Míriam Leitão - Visões do trabalho




O Globo
1/2/2006

O mercado de trabalho será determinante para se saber para onde a economia vai este ano. Até agora, os dados são bons e mostram que está havendo recuperação de massa de salário real, emprego formal e pessoal ocupado. Isso ocorreu em 2005 e continuará a acontecer este ano. Mas há sinais preocupantes quando os dados são desagregados ou quando a avaliação é feita dentro das empresas.

O Departamento de Estudos e Pesquisas do Bradesco divulgou uma avaliação apostando que o mercado de trabalho vai repetir em 2006 o crescimento e as boas notícias de 2005. “Comparado com dezembro de 2004, o rendimento real cresceu 5,4%, o que se trata da maior taxa de crescimento na comparação anual desta nova pesquisa. Além disso, melhorou a qualidade do emprego com o maior crescimento do emprego formal”, diz o relatório.

O economista José Roberto Mendonça de Barros tem uma avaliação menos positiva:

— As empresas estão acelerando o turn over , dispensando os que estão há três ou quatro anos na companhia e contratando pessoas com a mesma qualificação, mas com salários 20% a 25% mais baixos.

Um dado que mostra isso é que, na Pesquisa Mensal de Emprego do IBGE, o rendimento real dos trabalhadores com carteira cresceu só 0,7%, dos sem carteira, 13% e, dos por conta própria, 11%.

José Roberto diz que as empresas, até setembro do ano passado, achavam que o câmbio estava temporariamente neste nível baixo, mas agora passaram a considerar, em seus planejamentos estratégicos, este nível como permanente. Diante disso, estão tomando decisões que podem afetar o mercado de trabalho:

— Aumentou muito o percentual importado nos produtos feitos pelo Brasil. Isso não é ruim necessariamente, mas muito do que está chegando vem da China, com um preço baixíssimo. É melhor para a empresa importar a esse preço e a esse câmbio, reduzir a produção local de componentes e fazer um turn over de funcionários para reduzir o custo de mão-de-obra, reequilibrando a relação câmbio/salário — avalia.

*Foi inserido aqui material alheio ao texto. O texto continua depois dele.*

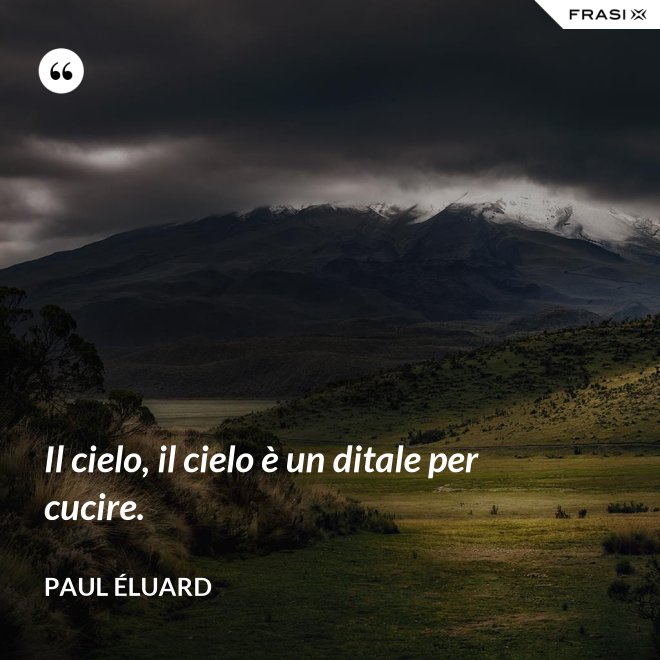 Il cielo, il cielo è un ditale per cucire. - Paul Éluard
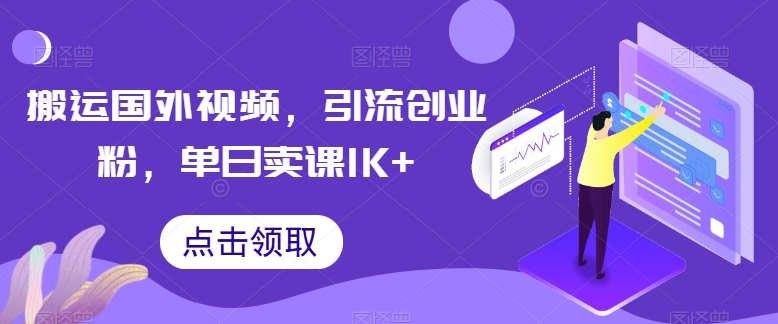 搬运国外视频，引流创业粉，单日卖课1K+【揭秘】-副业网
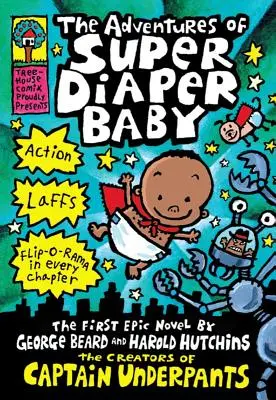 Les aventures de Super Diaper Baby : Un roman graphique (Super Diaper Baby #1) : Par le créateur de Captain Underpants - The Adventures of Super Diaper Baby: A Graphic Novel (Super Diaper Baby #1): From the Creator of Captain Underpants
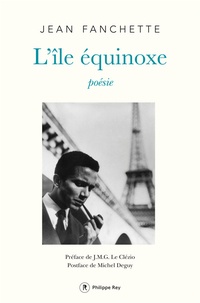 Jean Fanchette - L'Ile Equinoxe - Poèmes 1954-1991.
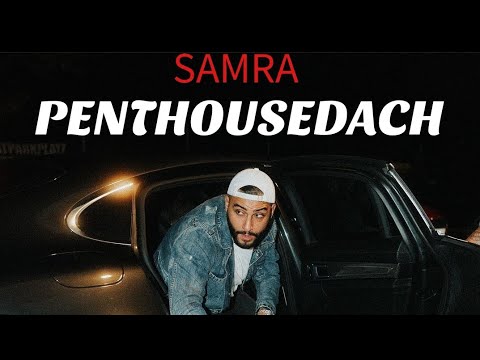 SAMRA - PENTHOUSEDACH (Hörprobe)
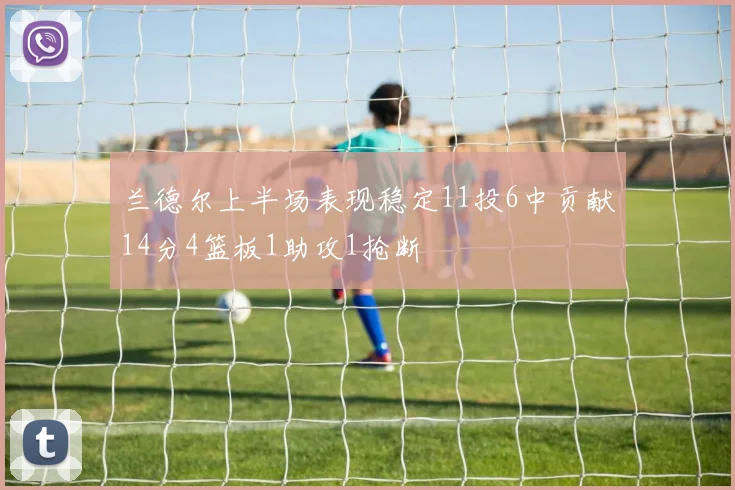 兰德尔上半场表现稳定11投6中贡献14分4篮板1助攻1抢断
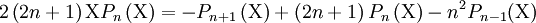 2\left(2n+1\right)\mathrm XP_n\left(\mathrm X\right)=-P_{n+1}\left( \mathrm X \right)+\left( 2n+1 \right)P_n \left(\mathrm X\right)-n^2P_{n-1}(\mathrm X)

A análise feita pelo Departamento Econômico do Itaú também é que o ano passado foi bom para o mercado de trabalho, mas, segundo ele, já há sinais de desaceleração da criação de empregos nos últimos meses de 2005. “A desaceleração econômica costuma atuar com defasagens mais longas no mercado de trabalho do que nos níveis de produção. E os indicadores mais recentes de emprego na indústria do IBGE e da CNI mostram um quadro de estagnação das contratações, sendo um possível reflexo da desaceleração do crescimento do PIB em 2005”, registrou o Banco Itaú.

O aumento do salário-mínimo vai elevar a massa salarial no ano, em 2006, em 5,3%, no cálculo do economista José Roberto Mendonça de Barros, e isso vai produzir um impacto positivo no consumo, mas o que preocupa o economista é que os investimentos estão minguando, mostrando que não há possibilidade de ocorrer, a curto prazo, uma retomada do crescimento do mercado de trabalho de forma sustentável.

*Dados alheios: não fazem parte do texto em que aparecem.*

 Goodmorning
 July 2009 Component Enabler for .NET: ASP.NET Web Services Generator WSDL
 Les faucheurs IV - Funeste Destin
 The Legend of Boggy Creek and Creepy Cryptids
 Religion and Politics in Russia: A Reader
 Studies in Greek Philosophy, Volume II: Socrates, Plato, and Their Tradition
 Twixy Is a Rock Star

Já o Bradesco espera em 2006 “mais um ano favorável para o emprego e a renda”. As estimativas são de aumento de 3% do emprego; 2% no rendimento real e 5% na massa real de salários e nova queda na taxa anual de desemprego, mesmo que haja um aumento da taxa agora no começo do ano.

— Quando os dados são desagregados, os números são bem menos simpáticos. Onde aumentou o rendimento foi nos serviços ligados ao setor público, e isso tem um lado preocupante porque pode representar aumento do gasto público — alerta José Roberto.

Mesmo quem está mais pessimista acredita que haverá melhora no mercado de trabalho, mas ninguém está entusiasmado. O que os dados mostram é que a economia começou o ano num ritmo baixo, com queda de investimento e previsão de crescimento modesto. Mesmo crescendo mais do que no ano passado, não será vantagem porque 2005 foi decepcionante. É difícil acreditar num mercado de trabalho se expandindo de forma relevante num ano que começa morno.